The Securities and Exchange Commission announced that in fiscal year 2015, it continued to build a strong record of first-of-their-kind cases that spanned the spectrum of the securities industry.
The SEC’s increase in enforcement actions is significant. The SEC’s independent enforcement actions have increased substantially since 2013, up to 507 actions from 341. This has resulted in disgorgement and penalties to increase from $3.4 billion dollars in 2013 to $4.19 billion dollars in 2015.

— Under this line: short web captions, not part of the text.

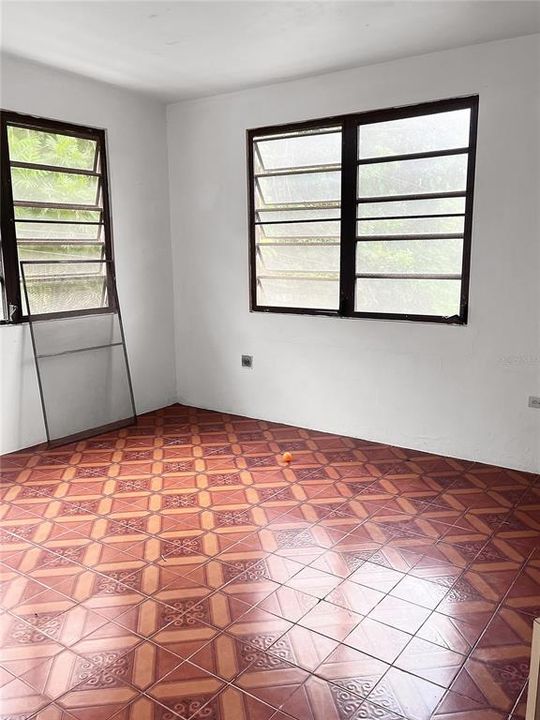 En Venta: $325,000 (0 camas, 0 baños, 2800 Pies cuadrados)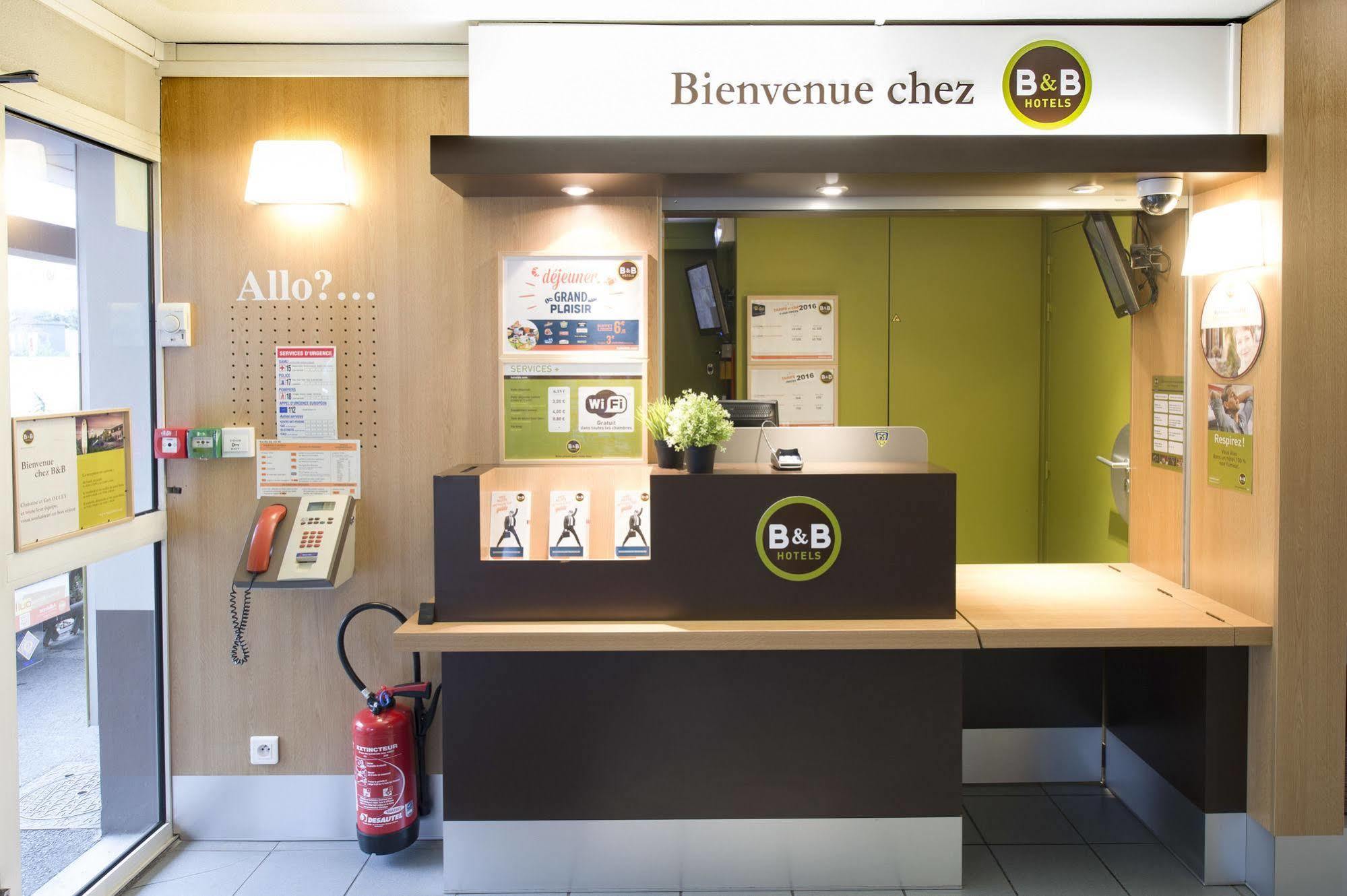 B&B Hotel Clermont-Ferrand Le Brezet Aeroport Экстерьер фото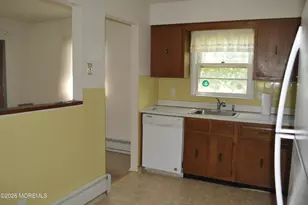 107 Bolingbroke Ct, Toms River Township, NJ 08757 - Photo 7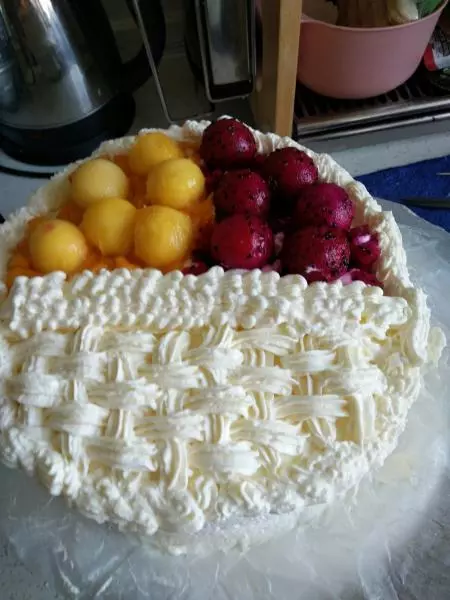 简单的水果篮子蛋糕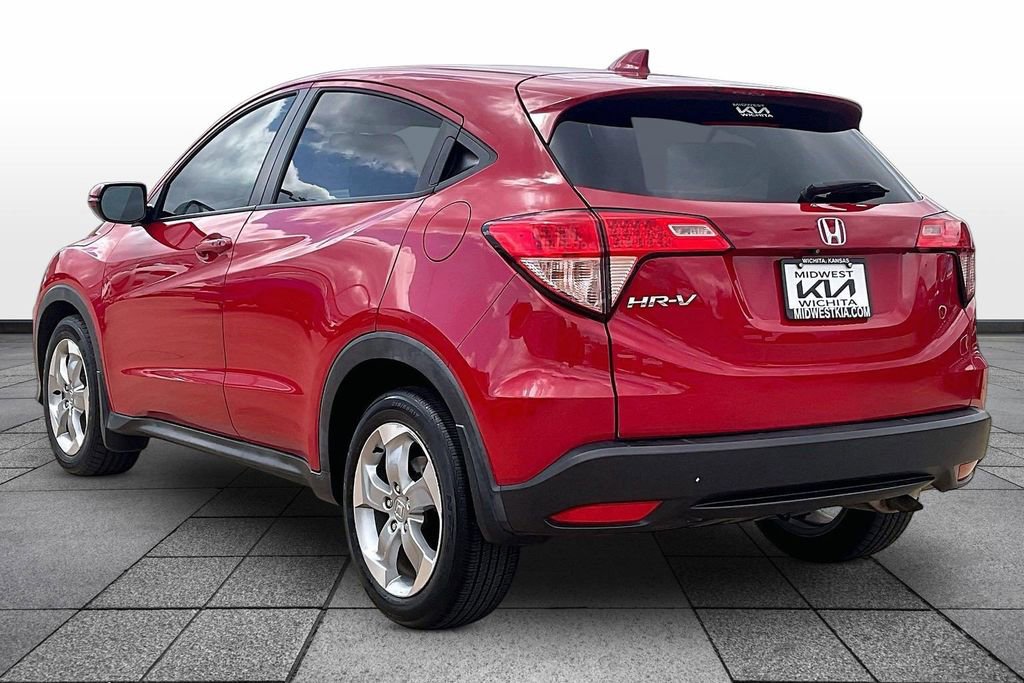 Used 2017 Honda HR-V EX image 11
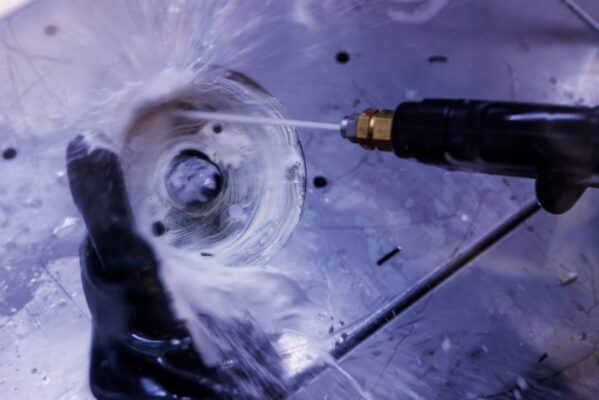 Grease Component in High Pressure Washer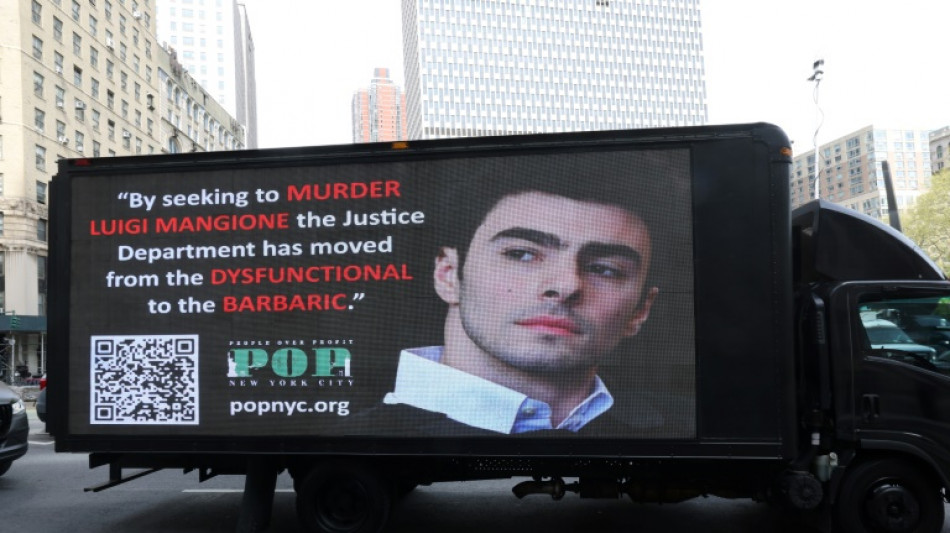 Acusado de matar a ejecutivo de la salud en Nueva York se declara no culpable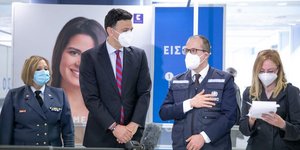 Το Mega Εμβολιαστικό Κέντρο «Προμηθέας» επισκέφθηκε ο περιφερειακός διευθυντής Ευρώπης του ΠΟΥ μαζί με τον Β. Κικίλια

To that end, in the fiscal year that ended in September, the SEC filed 807 enforcement actions covering a wide range of misconduct, and obtained orders totaling approximately $4.2 billion in disgorgement and penalties. Of the 807 enforcement actions filed in fiscal year 2015, a record 507 were independent actions for violations of the federal securities laws and 300 were either actions against issuers who were delinquent in making required filings with the SEC or administrative proceedings seeking bars against individuals based on criminal convictions, civil injunctions, or other orders.
The following are a sample of the variety of enforcement issues the SEC addressed this past year:
- Financial reporting remained a key enforcement priority and this past fiscal year involved a number of significant financial fraud and issuer disclosure matters, including actions against companies and executives.
- Charged 87 parties in cases involving trading on the basis of insider information. Many of these cases involved complex insider trading rings which were cracked by Enforcement’s innovative uses of data and analytics to spot suspicious trading.
- Brought a first-ever action for failure to report a material compliance matter to a fund board against Blackrock Advisors LLC, arising from the firm’s failure to disclose a conflict of interest created by the outside business activity of a top-performing portfolio manager. The SEC also charged Blackrock’s former CCO.
- Filed several actions to halt international investment frauds, including those that targeted, among others, immigrant communities.
- Filed significant actions under the Foreign Corrupt Practices Act (FCPA) against Bio-Rad Labratories Inc., Avon Products Inc., Goodyear Tire & Rubber Company, BHP Billiton and Hitachi.
- Charged a Wisconsin-based investment advisory firm and its owner for fraudulently “cherry-picking” winning options trades. Those trades were identified with help from the agency’s Division of Economic and Risk Analysis (DERA), which conducted a statistical analysis to determine whether the trades at issue could have resulted from a coincidental or lucky combination of trades.
The ultimate take away is that the cost of non-compliance with federal securities laws is not only increasing, it is becoming a significant number.